Возможен ли частный, персональный, неотвратимо точный жест в тотальном постмодернистском спектакле? Всеволод Некрасов вместе с художниками  «своего барака» утверждает, что только он и возможен. Что именно так и создаётся универсальный язык со-бытия, способность жить и видеть. ЖИТЬ ВИДЕТЬ. Ловя себя на искусстве в общем, объективном, мусорном и повседневном потоке уничтожения имени и лица. Ловя свою случайную речь на том, что называется неприличным словом «поэзия».

Неофициальное искусство  так и осталось неофициальным. Даже с помощью музея имени Пушкина, даже с открытием этой выставки в Самарском художественном музее. «Гражданин// Гражданин// Вы не за границей»...

Это некрасовское собрание могло приехать сюда совсем неофициально тринадцать лет назад, ещё при жизни поэта. Болезненно подозрительный и маниакально чуткий ко всякому подлогу Всеволод Некрасов, дважды приезжавший в Самару и печатавшийся в вестнике современного искусства  «Цирк «Олимп», уже дал мне своё согласие. Уставший существовать в пространстве, где все делают вид, что его не было и нет, он даже почти согласился впоследствии передать часть работ своих «со-временников по безвременью»  в самарский общественный музей своего имени, если создание такового будет действительно возможно со всеми необходимыми гарантиями. Но даже эту выставку привезти тогда не удалось - спонсоры так и не поняли, что выдающиеся без всякого декларативного пафоса свидетельства подлинно персонального искусства нуждаются в элементарной и серьёзной страховке.
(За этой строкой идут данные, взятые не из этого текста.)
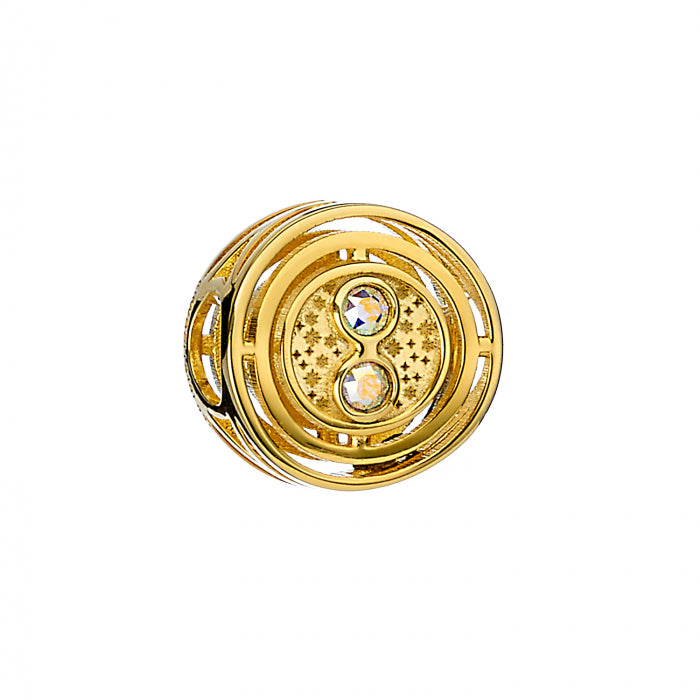 Harry Potter Time Turner Spacer Charm Bead Embellished with Crystals - Sterling Silver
Что ж, казённая и пугливая Самара не заслужила этого музея. Но всё-таки выжила и дожила до этой невероятной и пронзительной выставки. На ней не хватает только стихов Некрасова, его визуальных конкретистских опытов, его голоса и его интонации в предельно конкретной буквальной явленности. Не абстрактно витающего духа, а его самого, развоплощённого в зрении, звуке и слове.

И спасибо всем большим и маленьким официальным чиновникам Самарской области и Самары, что не пришли на открытие этой выставки  «художников-нонконформистов». Спасибо за конформизм...

Как там у самого Всеволода Николаевича: «Темнота// В темноту// Опускается пыльца// Где-то там// Где-то тут// Где-то около лица// Над покрытой головой// И в канавах у шоссе// И касающийся всех// Происходит разговор// Между небом и землёй// Между летом и зимой».